*Description of the task*
Everything in the listing that follows should be reproduced exactly except the pictures.

(Exercise data)

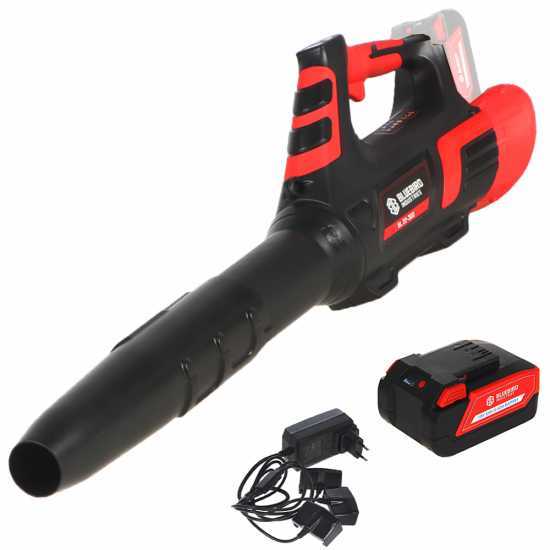 Blue Bird BL 22-300 - Battery-powered Leaf Blower - 21V 5Ah
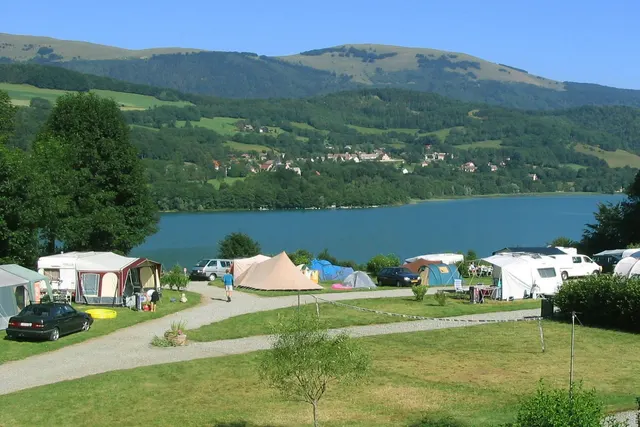 Camping Les Mouettes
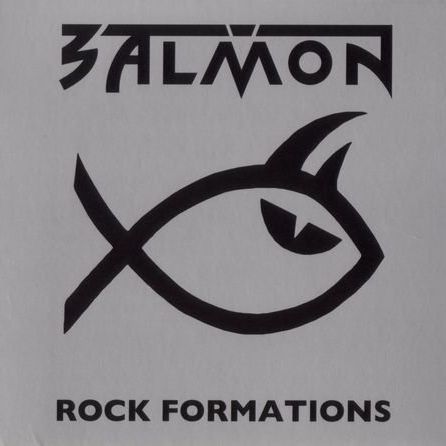 SALMON - Rock Formations 2LP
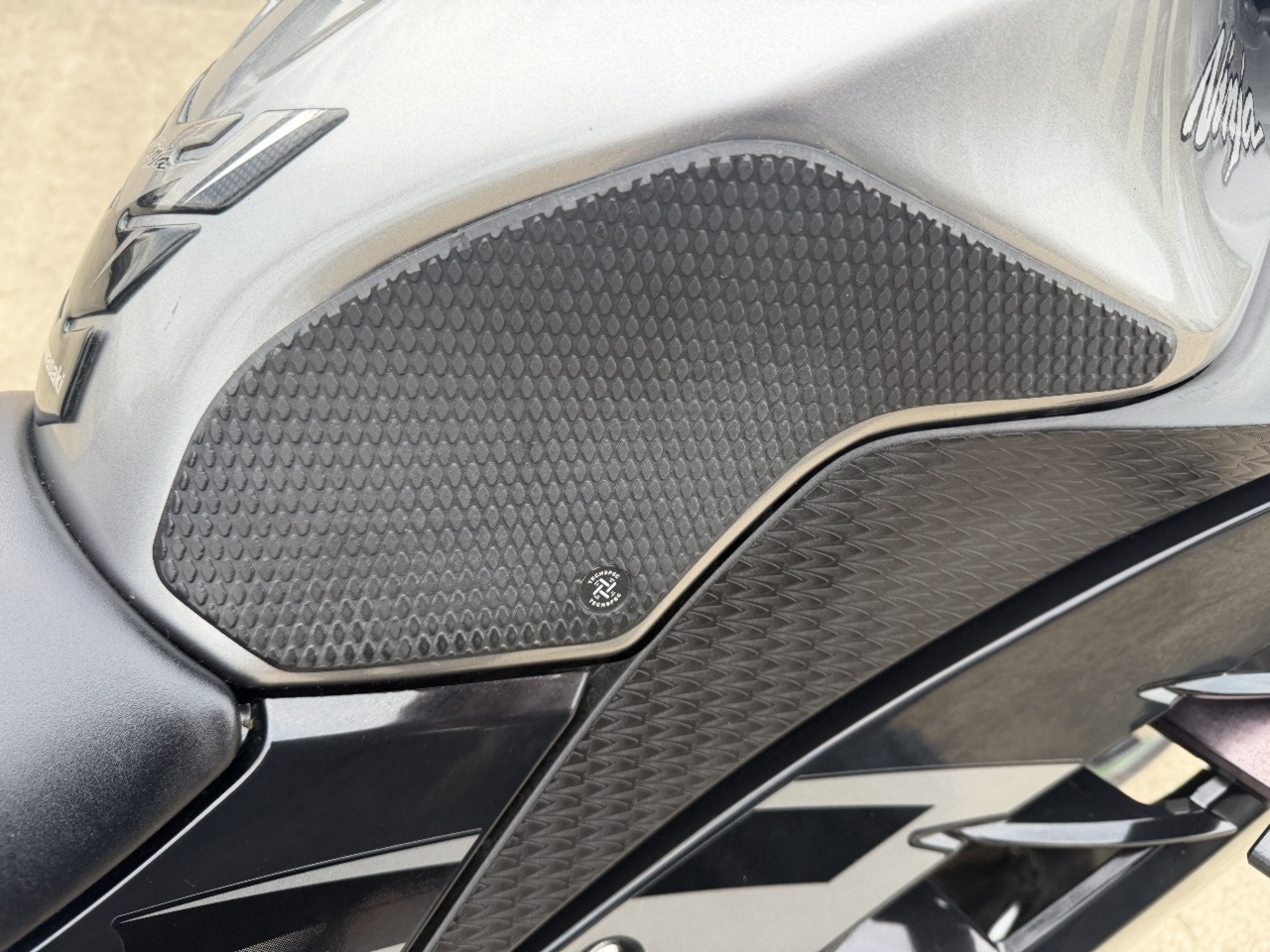 2015 Kawasaki Ninja 300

(End Exercise data)

*Solution for this task*
 Blue Bird BL 22-300 - Battery-powered Leaf Blower - 21V 5Ah
 Camping Les Mouettes
 SALMON - Rock Formations 2LP
 2015 Kawasaki Ninja 300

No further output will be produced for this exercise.